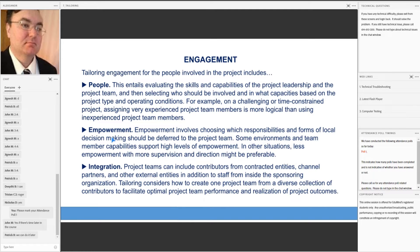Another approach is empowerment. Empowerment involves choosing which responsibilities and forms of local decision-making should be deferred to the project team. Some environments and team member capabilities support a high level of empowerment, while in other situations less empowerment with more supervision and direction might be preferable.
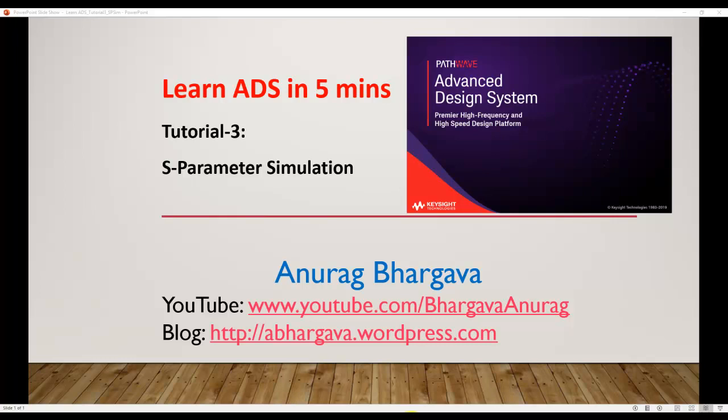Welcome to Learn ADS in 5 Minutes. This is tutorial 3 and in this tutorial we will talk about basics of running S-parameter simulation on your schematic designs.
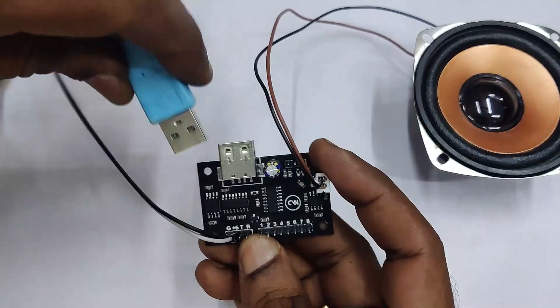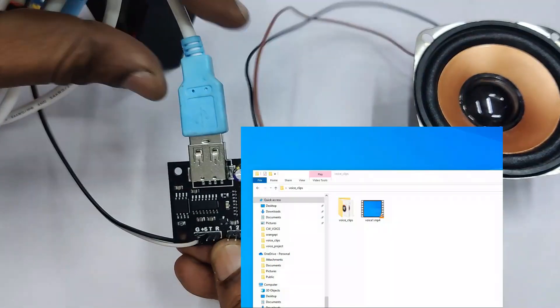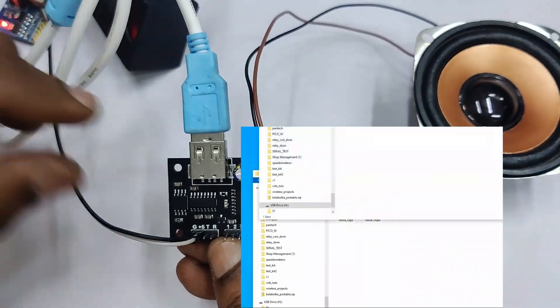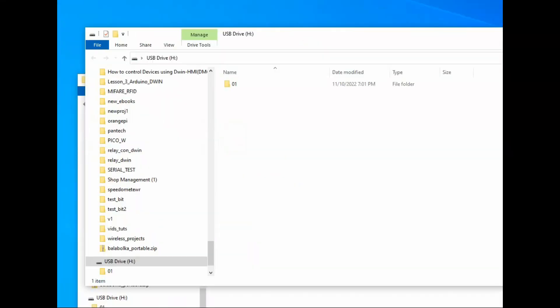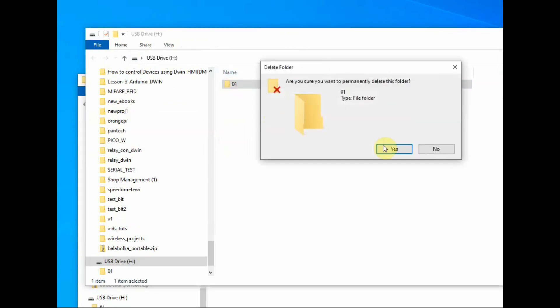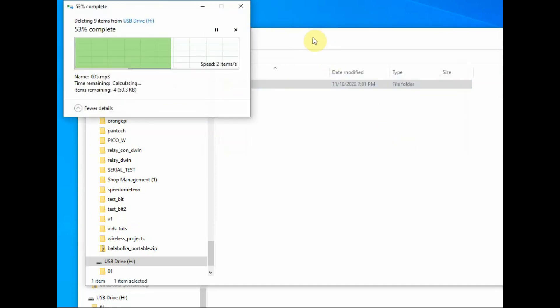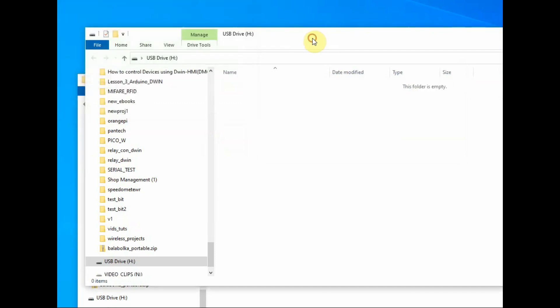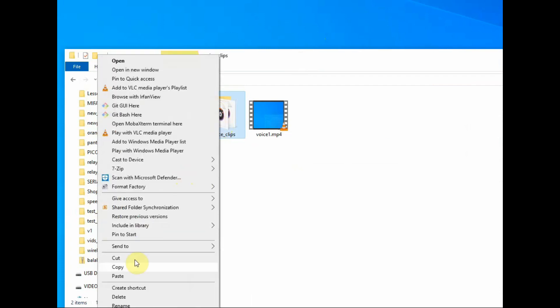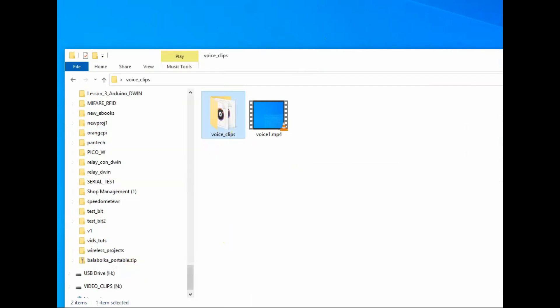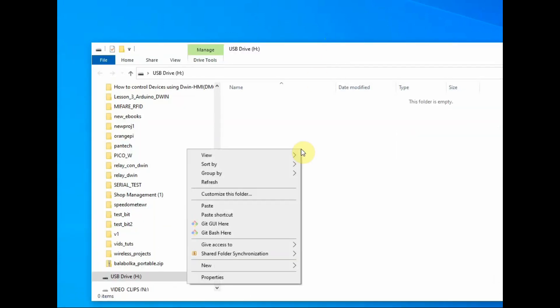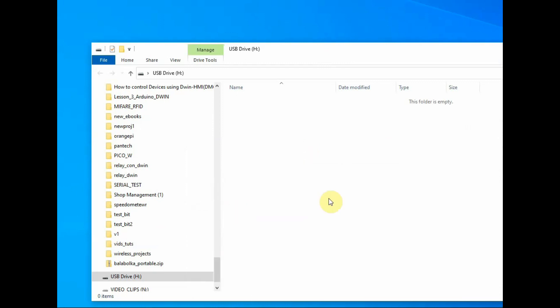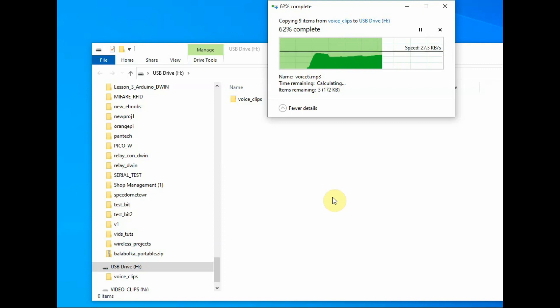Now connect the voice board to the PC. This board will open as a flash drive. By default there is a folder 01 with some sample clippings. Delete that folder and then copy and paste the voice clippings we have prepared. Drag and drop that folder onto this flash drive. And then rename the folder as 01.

▬▬▬▬▬▬

The whole listing above, word for word: repeat it with the pictures excluded.

Written response
Another approach is empowerment. Empowerment involves choosing which responsibilities and forms of local decision-making should be deferred to the project team. Some environments and team member capabilities support a high level of empowerment, while in other situations less empowerment with more supervision and direction might be preferable.
Welcome to Learn ADS in 5 Minutes. This is tutorial 3 and in this tutorial we will talk about basics of running S-parameter simulation on your schematic designs.
Now connect the voice board to the PC. This board will open as a flash drive. By default there is a folder 01 with some sample clippings. Delete that folder and then copy and paste the voice clippings we have prepared. Drag and drop that folder onto this flash drive. And then rename the folder as 01.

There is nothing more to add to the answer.